Passa-se o mesmo em todos os países da Europa. Há uma parte que é a de que os políticos funcionam como os treinadores de futebol. São elementos que permitem que a ira se exprima, são bodes expiatórios que fazem falta. Mas há uma anedota que diz que quando as autoridades ferroviárias descobriram que os acidentes afectavam sempre o último vagão dos comboios e tomaram a decisão de suprimir o último vagão... Suprimamos a classe política! Haverá outra classe política. Sempre haverá representantes políticos. Podemos exigir-lhes mais honestidade, mas sempre haverá alguém que represente e alguém que seja representado. A reacção contra a classe política tem uma parte lógica, que tem a ver com uma reacção contra as más práticas e outra parte que é autodestrutiva e paradoxal. Voltando ao que se está a passar em Espanha e à oposição "casta-gente". Quanto tempo é que vai demorar o Podemos a converter-se em casta? Ainda não estão no governo e já suscitaram pequenas decepções junto do seu eleitorado. A política é uma actividade de grande desgaste, os líderes desgastam-se muito rapidamente. O tempo que demora até um líder decepcionar é muito breve. E não tem a ver nem com a direita nem com a esquerda.

Escreveu há pouco tempo contra a mercantilização do saber, o saber agora só interessa quando pode ser comprado por uma indústria. O nosso século XXI fez uma mudança nesse sentido?

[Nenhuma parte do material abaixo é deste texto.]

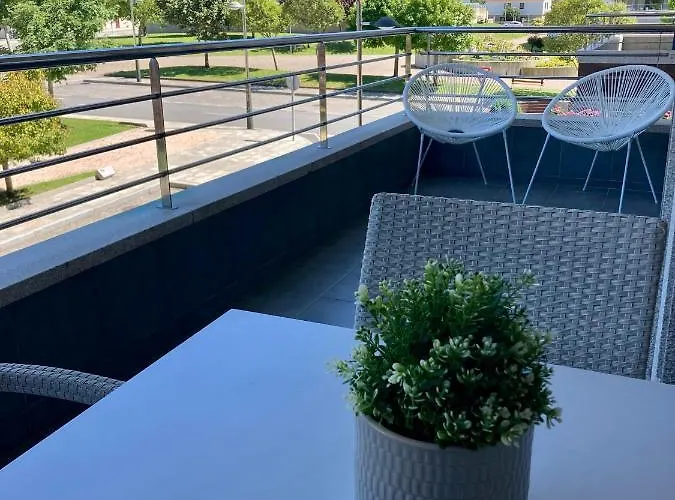 Acogedor Apartamento Con Terraza En Portonovo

Daqui a dois ou três meses sai em Portugal o meu livro "A Democracia do Conhecimento - por uma sociedade inteligente" [prémio Euskadi de Ensaio 2012, já traduzido em inglês e alemão] e aí há uma reivindicação dos saberes aparentemente inúteis como são as Humanidades e as Ciências Sociais, que aparecem agora numa posição de desvantagem porque não têm uma rentabilidade imediata. Mas temos um exemplo presente: a crise económica, em parte, foi causada por um pensamento económico muito especializado e muito restritivo que deixou de entender a economia como mais uma das ciências sociais, vinculada à História, à Ética, à Política. E passaram a vender-nos uma promessa totalmente ilusória de exactidão. Pessoas que não tinham nenhuma memória histórica, que não sabiam nada sobre as crises anteriores, que não estudaram ética e ciência política ao mesmo tempo que economia, venderam-nos a promessa de que havia uma fórmula económica obtida nas inovações financeiras.

Das muitas coisas que temos de recusar, agora com a crise, é este modelo de ciência económica que foi dominante, uma ciência económica muito especializada e muito prometedora de uma exactidão que não estava em condições de proporcionar. Isto terá de nos conduzir a outro tipo de ciência económica mais relacionada com os saberes humanísticos, menos orgulhosa e mais consciente da sua inexactidão.

Até porque falharam. Mas eles não acreditam que falharam.

A ciência económica dominante nestes últimos anos tem sido uma ciência económica orgulhosa de uma exactidão de que não dispõe. Outros saberes, outras ciências, disciplinas, têm sido mais modestas. Eu acredito na virtude da modéstia. Estamos a pagar os erros de muitos pretensos especialistas e esse falhanço é especialmente irritante.

A modéstia já foi um valor mas deixou de o ser...

É um valor objectivo, o saber que não sabemos muito, que não há soluções mágicas para muitos problemas, que precisamos dos outros para combater juntos a complexidade do mundo, que temos de lhes pedir que nos ajudem. Precisamos de uma abordagem mais policontextual dos problemas e não tanto unilateral.